Environmental Protection Agency issues
Associated Press writer Mark Scolforo reported yesterday that, “Two farmers’ organizations sued the federal government Monday over a Chesapeake Bay clean-up plan, challenging the legality of its pollution standards and asking a judge to keep them from being enforced or applied.
“The American Farm Bureau Federation and the Pennsylvania Farm Bureau said in the complaint against the U.S. Environmental Protection Agency, filed in federal court in Harrisburg, that there are numerous flaws in recently enacted standards to reduce the flow of pollutants and sediments that have harmed the bay and its wildlife.
“The lawsuit claims the EPA lacks authority to allocate limits on levels of nitrogen, phosphorus and sediment, the standards are based on erroneous information, the agency used flawed computer models and the public did not have an adequate opportunity to weigh in.”

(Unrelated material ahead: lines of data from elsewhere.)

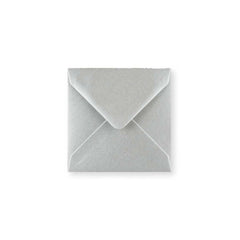 Metallinhohtoinen hopeanvärinen kirjekuori 116x116 mm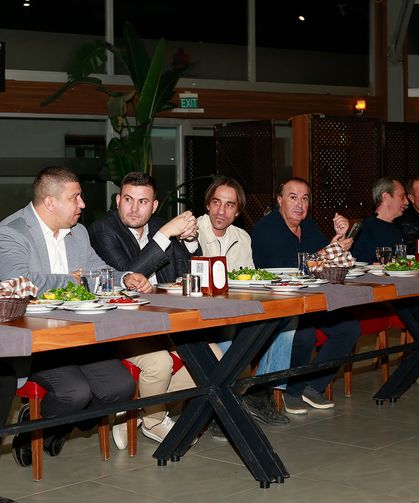 Tire FK camiası, yemekte bir araya geldi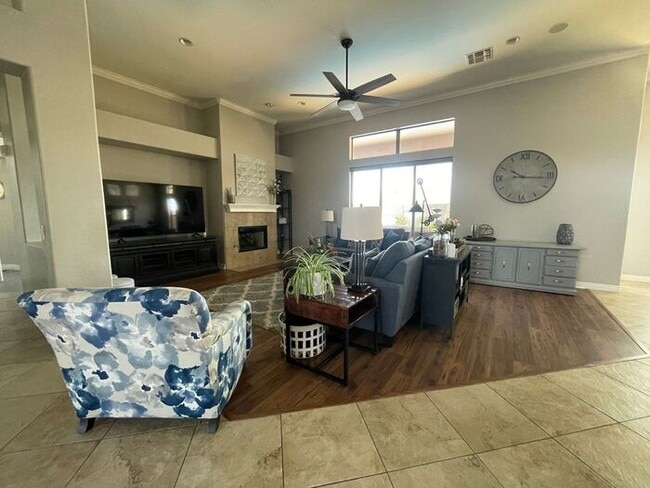 Photo - 4824 E Hashknife Rd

In his appearance on AgriTalk yesterday with Mike Adams, Bob Stallman also discussed environmental issues and agriculture, to listen to a portion of that discussion from yesterday, just click here, (MP3- 2:21).
Reuters news reported yesterday that, “Senators John McCain and John Barrasso said on Monday the extension of U.S. ethanol subsidies and a tariff on imports is likely illegal under international trade rules, lending some support to Brazil’s opposition to U.S. ethanol policy.
“‘I believe the WTO would rule against the United States because it’s clearly a subsidy that is neither warranted nor in keeping with WTO regulations,’ Senator McCain of Arizona told reporters after a meeting with Brazilian President Dilma Rousseff in Brasilia.
“In December, the U.S. government extended through end-2011 a 54-cent-per-gallon import tariff on ethanol as well as a 45-cent-per-gallon subsidy for blenders worth up to $6 billion.”
Tom Polansek reported in today’s Wall Street Journal that, “Corn futures surged as a heat wave threatened Argentina, raising expectations U.S. government forecasters will cut their crop estimate for the South American country later this week.”
“Corn for March delivery settled up 12 cents, or 2%, at $6.07 a bushel at the Chicago Board of Trade,” the Journal article said.
Reuters writer Nigel Hunt reported yesterday that, “Rising food prices are stoking global inflation with many agricultural commodity markets driven higher by bad weather in key producing countries, a senior trader at JP Morgan said Monday.”
The article added that, “High food prices have moved to the top of policymakers’ agendas because of worries about the impact on inflation, protectionism and unrest.” (Note: See this recent picture from Algeria on Friday- authorities tried to quell unrest over rising food prices).
And Chris Clayton reported yesterday at DTN (link requires subscription) that, “U.S. acreage of major crops may need to increase about 10 million acres this spring to handle the higher demand for commodities, the chairman of USDA’s World Agricultural Outlook Board said Monday
“Effectively, corn needs more than last year’s 88.2 million acres, but prices for crops such as soybeans and cotton are going to make it harder than in the past for corn to take those acres, said WAOB Chairman Gerald Bange
“Bange presented a 2011 crops outlook to American Farm Bureau Federation members Monday at the AFBF’s annual meeting. Bange cautioned, however, that he was being careful not to offer any new numbers, as the board releases its monthly World Agricultural Supply and Demand Estimate on Wednesday.”